Synopsis and Summary
Sansa Stark awakens to find her father on another hunt with Robert. So, Sansa joins Septa Mordane for a breakfast in which the eldest daughter of Ned and Catelyn feeds bacon to her direwolf and talks about her upcoming ride in the Queen’s carriage with Queen Cersei and Princess Myrcella. (sigh, do I have to go on)
Yes, Jeff, you do.
[sigh] Okay. The sibling rivalry between Sansa and Arya we glimpsed in Arya’s first chapter re-emerges with Sansa hoping that she would see her betrothed (Joffrey) today, and that the only thing she feared was Arya ruining the experience.
Asking to be excused, Sansa steps outside of Lord Eddard’s tent to find Arya and instead sees a camp in motion. Cart creak, men broke down tents for the movement ahead of them, wagons were loaded. Sansa looks around for Arya and finds her at the banks of the Trident covered in mud, brushing mud off of her direwolf Nymeria.
Sansa instructs Arya to put on something nice. They’re traveling in the queen’s wheelhouse after all, but Arya refuses. Arya and her friend Mycah are going to search for Rhaegar’s rubies in the Trident. And the cart doesn’t even have windows. Instead, Arya will go riding with Mycah, tyvm. Sansa is horrified that Arya wouldn’t find honor in riding with the queen. Sansa hates riding horses and insists that Arya will come ride with the queen. Arya again refuses and tells Sansa that she doesn’t like the queen. She’s going to go out riding with Mycah. Sansa tells Arya that she’ll go by herself and eat every fucking lemon cake and have the best time without her.
Sansa departs, thinking Why couldn’t Arya be sweet and delicate and kind, like Princess Myrcella? She would have liked a sister like that. Sansa reflects on how Arya looks like Jon and once even asked her mother Catelyn if Arya was a bastard too. (She wasn’t).
Wandering back to the camp, Sansa stumbles across a party gathered around the queen’s wheelhouse. The small council has sent riders to escort the king’s party the rest of the way back to King’s Landing. Two seeming knights stand in front of the queen. One adorned in kingsguard white and one in steel plate of a deep forest-green. It’s only then that Sansa realizes that there’s a third man: a gaunt, grim, silent man wearing chainmail and boiled leather. Sansa is terrified of the this man.
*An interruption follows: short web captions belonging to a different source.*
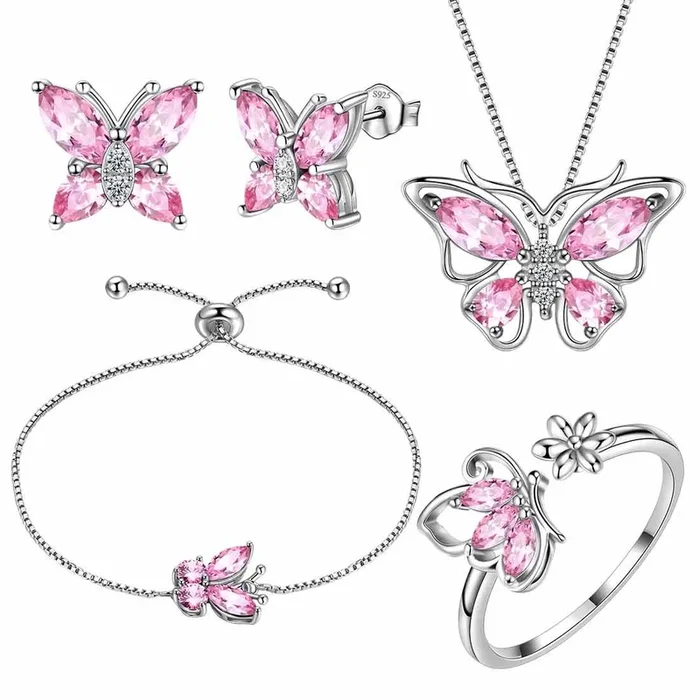 Juego de joyas de turmalina de octubre con piedra natal de mariposa, 5 piezas, regalo de cumpleaños para mujeres y niñas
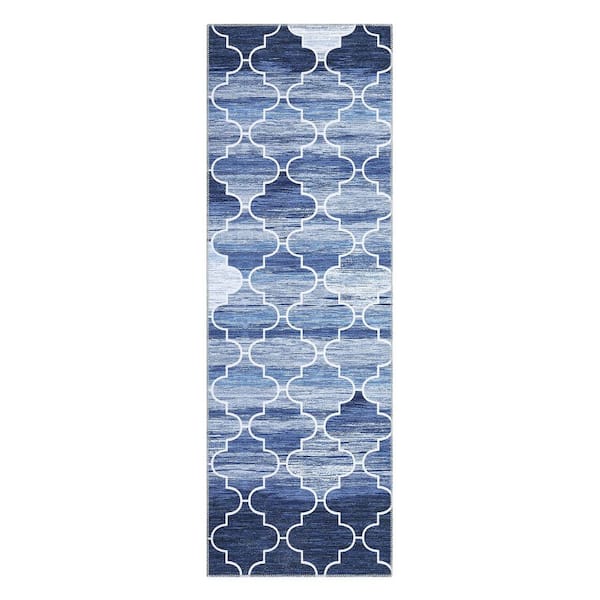 Garvee Modern Geometric Print Area Rug Soft and Versatile Anti-fouling and Anti-slip for Bedroom Living Room Blue，2X6ft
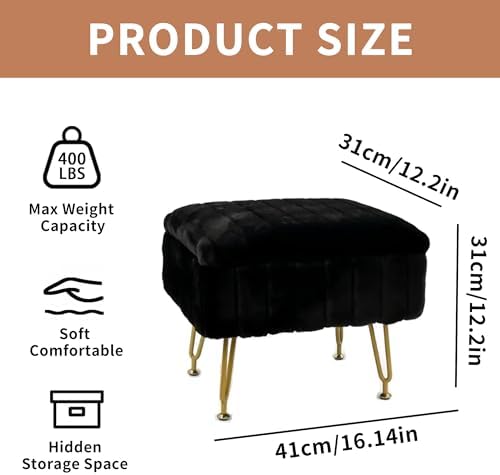 Small Foot Stool with Storage & Gold Metal Legs, Small Ottoman Foot Rest Under Desk for Couch, Chair, Black Furry with High-Density Resilient Sponge - Image 2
The third man turns his head and looks at Sansa, and the girl becomes ever more terrified. She takes a step back and bumps into none other than Sandor Clegane.
You are shaking girl, the man says. Do I frighten you so much?
The Hound did frighten her, but not half as much as the other man did. Sandor laughs, but then Sansa’s direwolf Lady comes up and sends the crowd into a tizzy. The two knights draw their swords, but then Cersei sends Joffrey over to Sansa to “protect” her. The Crown Prince dispatches Sandor Clegane. Sansa admits that her fear is over the other man. They tell Sansa that the scary man is none other than Ser Ilyn Payne: the king’s justice (that is the king’s executioner).
The two men introduce themselves. The first is Ser Barristan Selmy, Lord Commander of the Kingsguard. The other allows Sansa to puzzle out his identity. Sansa correctly surmises that the other man is Lord Renly Baratheon, a terrorist in service of his brother, King Robert.
Queen Cersei then tells Sansa that unfortunately the carriage ride has to be cancelled today on account of small council business, but no worries, the queen tells Joffrey to entertain Sansa. This sends Sansa into a frenzy of romantic feeling. And what shall they do? How about riding, Joffrey suggests.
Oh, I love riding, Sansa replies.
They ride through the land. Joffrey shows Sansa his sword, uh, yeah, we’ll go with that phrasing. His sword is called “Lion’s Tooth.” They leave Sansa’s direwolf behind. They explore the countryside, tracking by the river, exploring a cave, following a shadowcat. They find a holdfast. Joffrey orders wine and food from the people there. They eat fresh trout and drink wine -- more wine than Sansa usually has.
Finally, Joff decides that he wants to head on over to the place where his “father” and Rhaegar met in battle on the Trident 15 years before. They ride to the site, and then they hear a snack, snack, snack. Joffrey unsheathes his sword, and they approach the noise only to find Arya in stick battle with an older boy named Mycah.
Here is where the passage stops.